When “Larkin” had translated my reply, which was to the effect that we acknowledged our fault, and had only congratulations for the men who understood their duty and had the courage to perform it, and that I regretted having been the cause of so much trouble, the judge himself led us to a first-class train coach in the yards, unlocked it, and told us to enter and spend the rest of the night there.

“At eight o’clock in the morning this coach will be picked up by the train to Smolensk. Now, go to sleep, you won’t have to be on the watch this time,” he said with a suggestion of a smile.

Weary as I was I still remembered a few more things to say to “Larkin” who was by this time somewhat subdued. It was not until I had threatened to report him to the Moscow Government, and had again told him that it was a brutal thing to take advantage of men who were doing their duty under the most difficult circumstances conceivable, that my mind was lightened sufficiently so that I could go to sleep.

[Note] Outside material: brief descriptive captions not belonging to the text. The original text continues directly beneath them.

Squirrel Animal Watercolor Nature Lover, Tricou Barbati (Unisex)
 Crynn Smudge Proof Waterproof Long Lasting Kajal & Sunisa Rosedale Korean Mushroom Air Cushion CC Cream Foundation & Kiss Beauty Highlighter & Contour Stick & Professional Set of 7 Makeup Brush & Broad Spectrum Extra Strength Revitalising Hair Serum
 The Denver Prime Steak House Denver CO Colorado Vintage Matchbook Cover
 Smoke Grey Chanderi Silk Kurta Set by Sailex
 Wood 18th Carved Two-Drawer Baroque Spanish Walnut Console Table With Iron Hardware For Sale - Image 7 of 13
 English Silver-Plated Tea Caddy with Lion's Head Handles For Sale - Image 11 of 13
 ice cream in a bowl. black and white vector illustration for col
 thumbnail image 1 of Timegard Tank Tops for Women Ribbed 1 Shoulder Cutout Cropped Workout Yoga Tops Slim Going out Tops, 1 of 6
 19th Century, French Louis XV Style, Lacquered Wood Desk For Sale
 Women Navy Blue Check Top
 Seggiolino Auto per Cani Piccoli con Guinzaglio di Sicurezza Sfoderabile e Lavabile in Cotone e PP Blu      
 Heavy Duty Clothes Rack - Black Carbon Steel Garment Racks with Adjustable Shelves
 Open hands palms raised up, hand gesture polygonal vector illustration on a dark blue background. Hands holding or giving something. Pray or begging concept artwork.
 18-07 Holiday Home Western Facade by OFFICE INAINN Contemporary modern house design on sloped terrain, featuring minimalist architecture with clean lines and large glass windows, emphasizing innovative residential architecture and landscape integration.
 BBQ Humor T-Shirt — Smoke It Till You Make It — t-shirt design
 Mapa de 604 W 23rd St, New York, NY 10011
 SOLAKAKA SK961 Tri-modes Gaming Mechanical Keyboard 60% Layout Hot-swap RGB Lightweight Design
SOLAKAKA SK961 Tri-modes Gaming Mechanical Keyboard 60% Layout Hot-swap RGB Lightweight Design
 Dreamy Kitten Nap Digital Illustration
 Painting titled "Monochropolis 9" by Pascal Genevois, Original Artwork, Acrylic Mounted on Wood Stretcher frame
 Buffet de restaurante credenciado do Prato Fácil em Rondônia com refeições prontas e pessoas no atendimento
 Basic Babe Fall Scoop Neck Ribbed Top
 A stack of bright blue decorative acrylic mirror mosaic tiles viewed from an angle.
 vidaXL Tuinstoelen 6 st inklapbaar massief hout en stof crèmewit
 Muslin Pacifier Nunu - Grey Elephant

Of one thing I had been convinced—the general efficiency of organization which I had encountered again and again in Soviet Russia. The people were universally kind, but with strangers they took no chances. Well, I concluded, they could not have been blamed if they had kept us in jail for a long while, until they had checked up my entire record in Russia, at least. And I was grateful that my prison record amounted to two hours only, thanks to the expedition with which they administer trial to suspects in Red Russia.

Shut up in our coach we sped on to Smolensk the next day. Another twenty-four hours in Smolensk, where I was given permission to proceed to Moscow and again I boarded a train. I had been relayed from one army post to another; from the company to the regiment, from the regiment to the brigade, from the brigade to the division, from the division to the army command, and from the army command to the high command. And after eight days I was almost within reach of Moscow. On the morrow I would be off for Moscow itself.